Em outro estudo de Bremaeker, As finanças municipais em 2007, constata-se que, nas regiões mais desenvolvidas, as máquinas arrecadadoras das prefeituras são mais eficientes. A Região Sudeste, por exemplo, que abriga 30% dos municípios e 42,9% da população do País, concentra 50,8% de toda a receita orçamentária do conjunto de municípios brasileiros, formada por transferências e receitas próprias. Como as transferências federais e estaduais se distribuem de acordo com a população, a maior arrecadação, no Sudeste, se deve à maior capacidade das prefeituras da região de obter receitas próprias.
Das receitas tributárias próprias arrecadadas por todos os municípios brasileiros, os da Região Sudeste foram responsáveis por mais de dois terços (ou 67,9% do total).
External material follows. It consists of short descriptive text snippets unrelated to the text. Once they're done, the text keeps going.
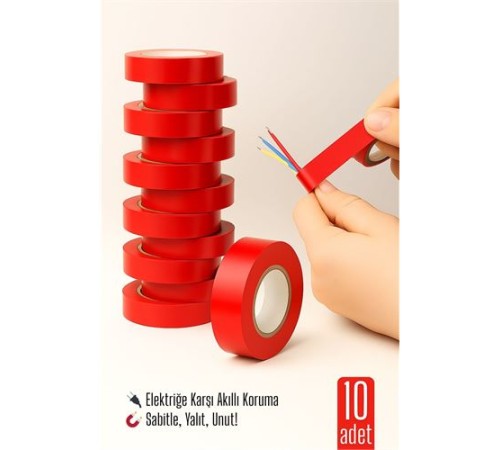 10'LU KIRMIZI Elektrik  Bandı – Yüksek Yalıtım Gücü, Kablo Sabitleme ve Elektrik Koruma İçin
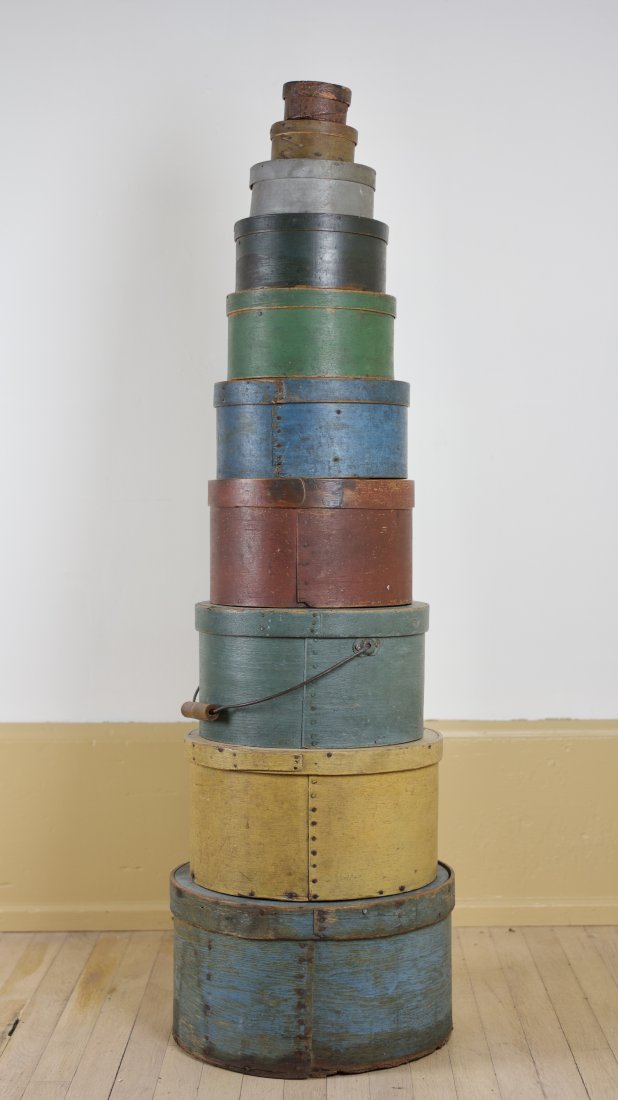 TEN PAINTED PANTRY BOXES OF GRADUATED SIZE. (1 of 1)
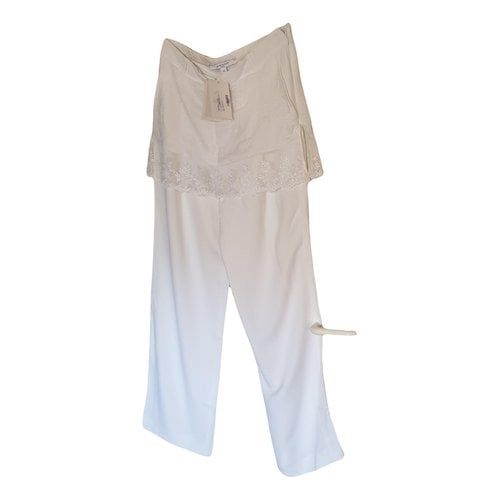 Pre-owned Givenchy Silk Large Pants In White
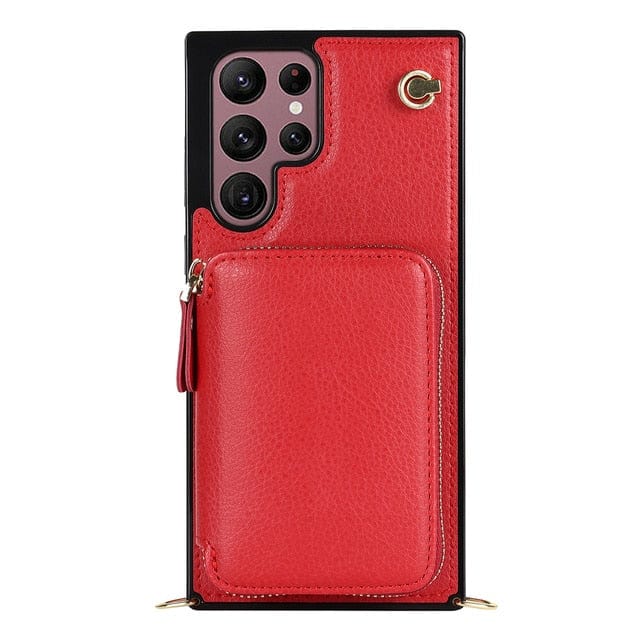 Leather Wallet Case With Lanyard For Samsung Galaxy Galaxy Note 9 / Red CM20230714-B-02-Samsung Note 9-Red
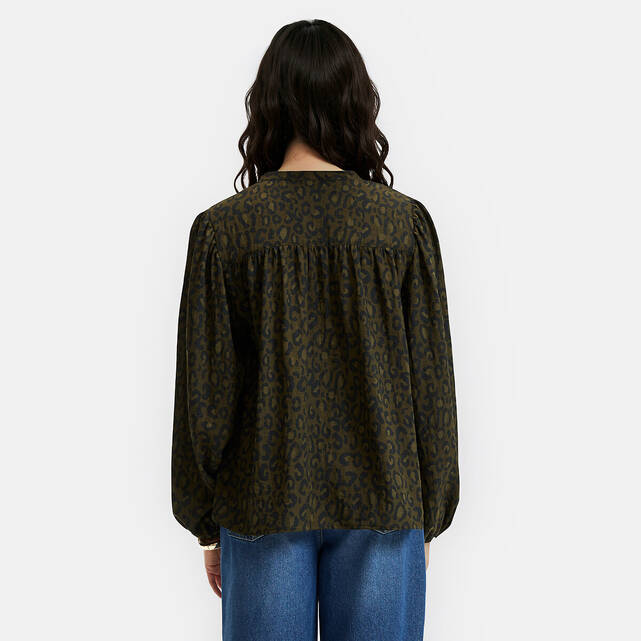 Πουκάμισο oversize με γιακά μάο και λεοπάρ print, Signature LISE
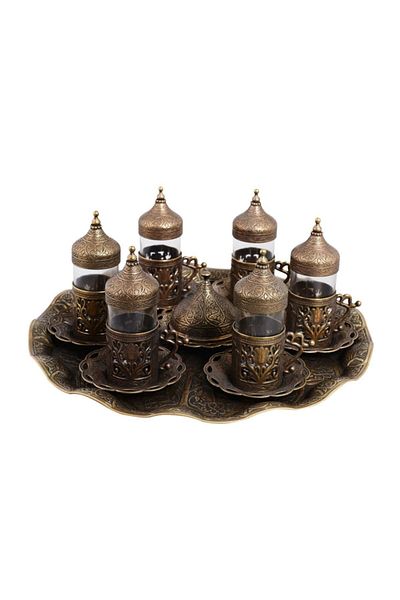 BAZAAR 4 Ottoman Tulip Water Bottle Set for 6 Persons Antique Yellow Crst300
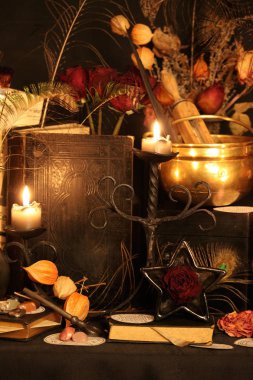 Kara büyü büyü. Wiccan büyüler ve otlar. Hala canlı: Eski yağ lambaları, antika kitap, bakır kase, ilaç şişeleri, lavanta, Pulsatilla pratensis bir antika arka plan üzerinde yanan bir muma gül tomurcukları kurutulmuş. Wicca arka plan.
O Nordeste, onde estão 32,2% dos municípios e 28,4% da população brasileira, respondeu por apenas 10,7% da arrecadação de tributos municipais em 2007.
Os dois estudos mostram que há uma relação direta entre arrecadação de tributos municipais, a população do município e seu nível de desenvolvimento. Quanto menor a população e menos desenvolvido o município, menor é a fatia das receitas próprias nas receitas orçamentárias totais.
Nos municípios com população de até 2 mil habitantes, as receitas próprias corresponderam a apenas 1,9% das receitas totais de suas prefeituras em 2007 (nos dois únicos municípios com mais de 5 milhões de habitantes, São Paulo e Rio de Janeiro, a participação foi de praticamente 40%). A desigualdade decorrente do maior ou menor desenvolvimento da região pode ser constatada na arrecadação municipal per capita: para cada R$ 1 arrecadado por habitante no Nordeste, o Sudeste arrecadou R$ 1,47 em 2007. “O problema é a pobreza, a má distribuição de renda”, na interpretação de Bremaeker.
Mas isso é só parte dos problemas municipais. O mais grave é a irresponsabilidade com que se criaram municípios, sem levar em conta sua capacidade de manter-se financeiramente. A maior parte dos quase 1.300 municípios criados depois da promulgação da Constituição de 1988 não consegue obter receita própria suficiente, e por isso depende das transferências de recursos. Em geral, a criação desses municípios atendeu a interesses de políticos locais e seus aliados, com vistas à criação de funções e cargos públicos. Em mais de 1.600 municípios, pelo menos um quarto do orçamento é consumido pela máquina administrativa (salários de prefeito e vereadores e funcionalismo). A situação pode piorar, pois tramitam em 24 Assembléias Legislativas projetos para a criação de mais de 800 municípios.